Task instructions ->
The expected output is an exact copy of each line from the line with "Stress, fear and" through the end of the data below, with no pictures in it.

--- START ---

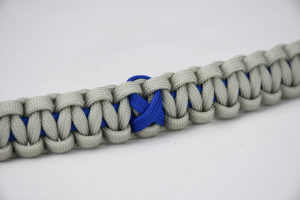 blue and grey anti-bullying paracord bracelet with blue ribbon in the center, picture of a blue and grey anti-bullying paracord bracelet unity band with a blue ribbon in the center of the bracelet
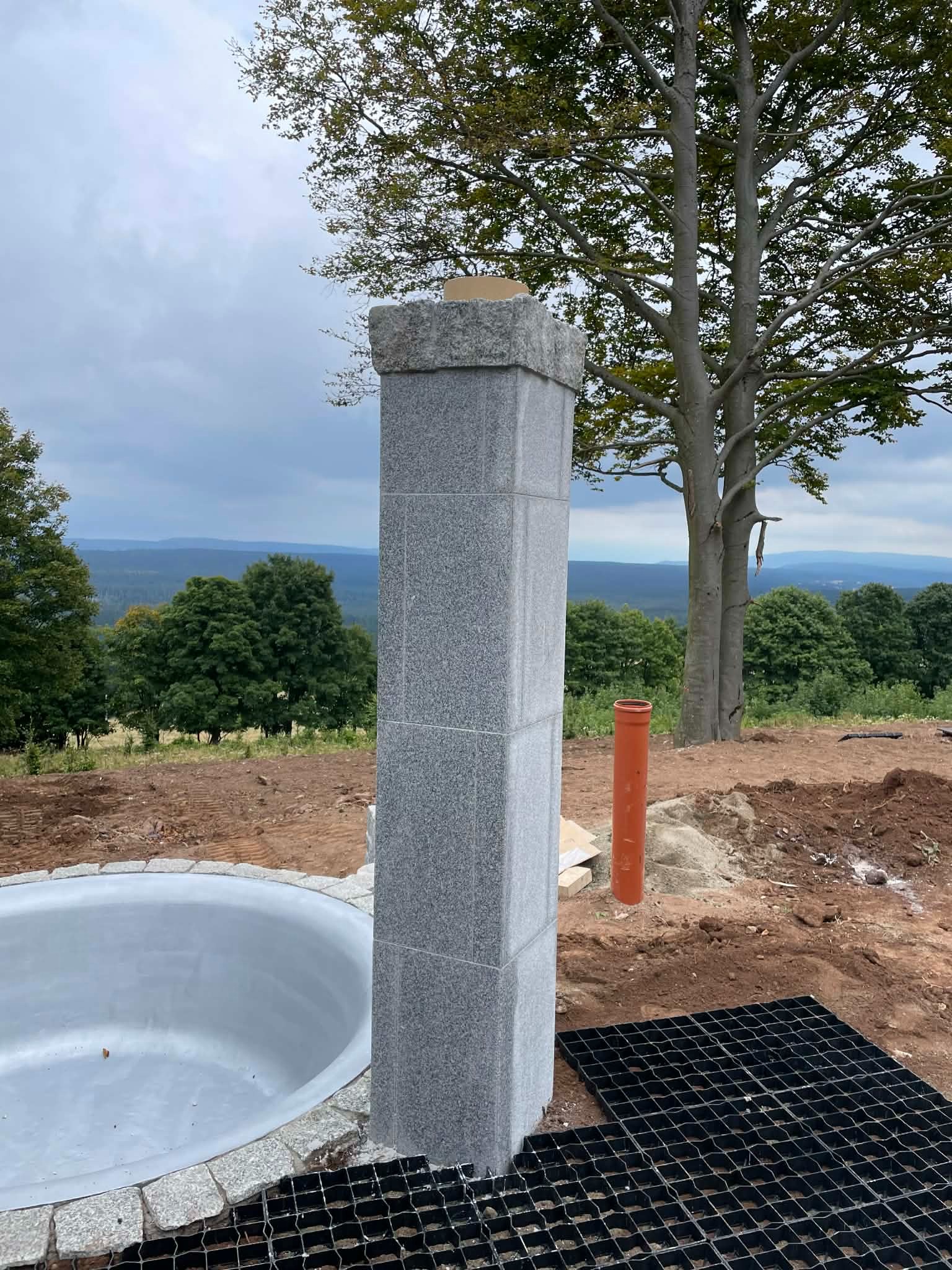 Granitowa kolumna z obudową basenu w tle krajobrazu. Widoczne elementy instalacji i przygotowania terenu. Ujęcie z bliska, podkreślające detale kamieniarskie.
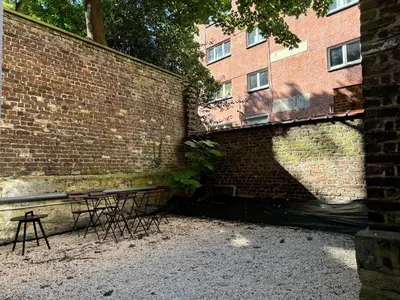 a brick wall with two tables in front of a building at Havre des Anges - Pont de Fragnée, Guillemins in Liège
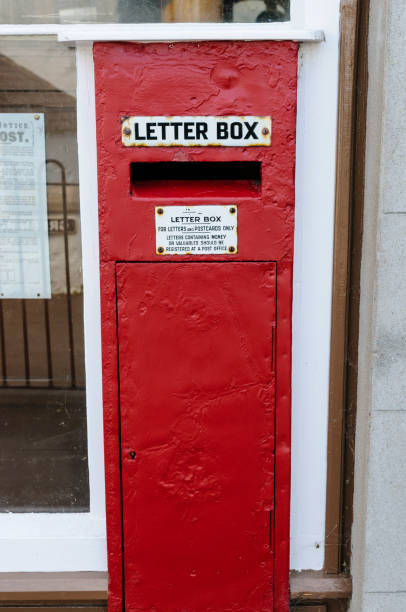 istock Old Irish red letterbox outside a post office 1750079363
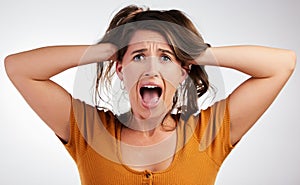 Stress, fear and woman face shouting in studio for anxiety, fail or overthinking on grey background. Trauma, panic or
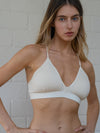 Woman wearing a beige bikini top against a white brick wall.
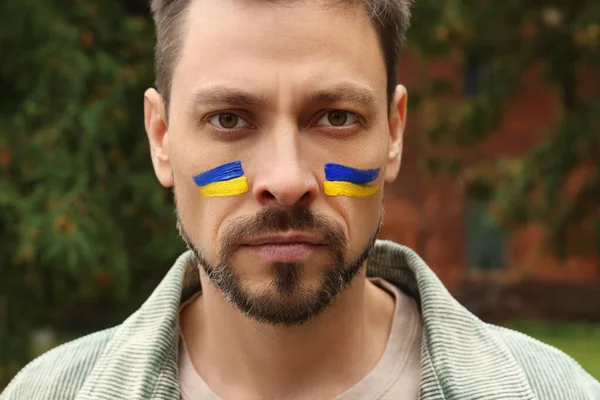 Angry man with drawings of Ukrainian flag on face outdoors, closeup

--- END ---

Expected answer ->
 Stress, fear and woman face shouting in studio for anxiety, fail or overthinking on grey background. Trauma, panic or
 Woman wearing a beige bikini top against a white brick wall.
 Angry man with drawings of Ukrainian flag on face outdoors, closeup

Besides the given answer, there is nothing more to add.